This regular expressions library is better implementation of the regular expressions engine I made a year ago and have more features. This repository is built to help me in making a compiler from scratch while I'm learning compilation techniques in this semestre's class.
Supported operators :
- concatenation operator like "ab".
- union operator like "a|b".
- 0 or more repetitions operator '*'.
- 1 or more repetitions operator '+'.
- optional operator '?'.
- n times repetitions "{n}".
- n1 to n2 times repetitions {n1, n2}.
- '.' matches any character.
- character set like [abc] which matches a or b or c
- exclusion character set like [^abc] which matches any string other than abc
- some character classes like \d which matches digits, \w which is equivalent to [a-zA-Z0-9_] and \a which matches alphabet characters ([a-zA-Z]).
I implemeted a top down parser to convert regular expressions to an abstract syntax tree. The abstract syntax tree is then used to make a non deterministic automaton which is then converted to a deterministic one.

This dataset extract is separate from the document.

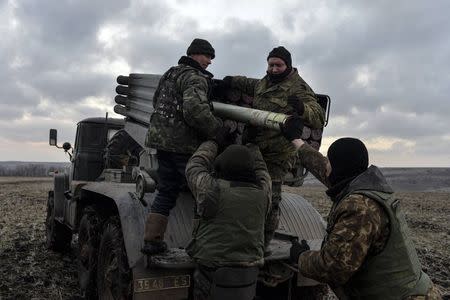 Ukrainian servicemen load Grad rockets before launching them towards pro-Russian separatist forces outside Debaltseve, eastern Ukraine February 8, 2015. REUTERS/Alexei Chernyshev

The grammar I used for parsing is :
- start symbol : expr
- non terminals = {expr, choice, opr_expr, char_set, num, char_seq}
- terminals = {|, +, *, ?, ^, {, }, [, ], (, ), digit, char}
- productions set : { expr -> expr_wo_pipe|expr, expr_wo_pipe -> expr_wo_concat expr_wo_pipe, expr_wo_concat -> alpha | alpha opr_expr, opr_expr -> unary_opr | unary_opr opr_expr, unary_opr -> + | ? | * | {num} | {num,num}, alpha -> p_expr | char | [char_set] | [^char_set], p_expr -> (expr), char_set -> char | char char_set, num -> digit | digit num }
There are some implementation details that are not described in the grammar like '.' character, character classes and escaped characters like \( which are handled by the lexical parser.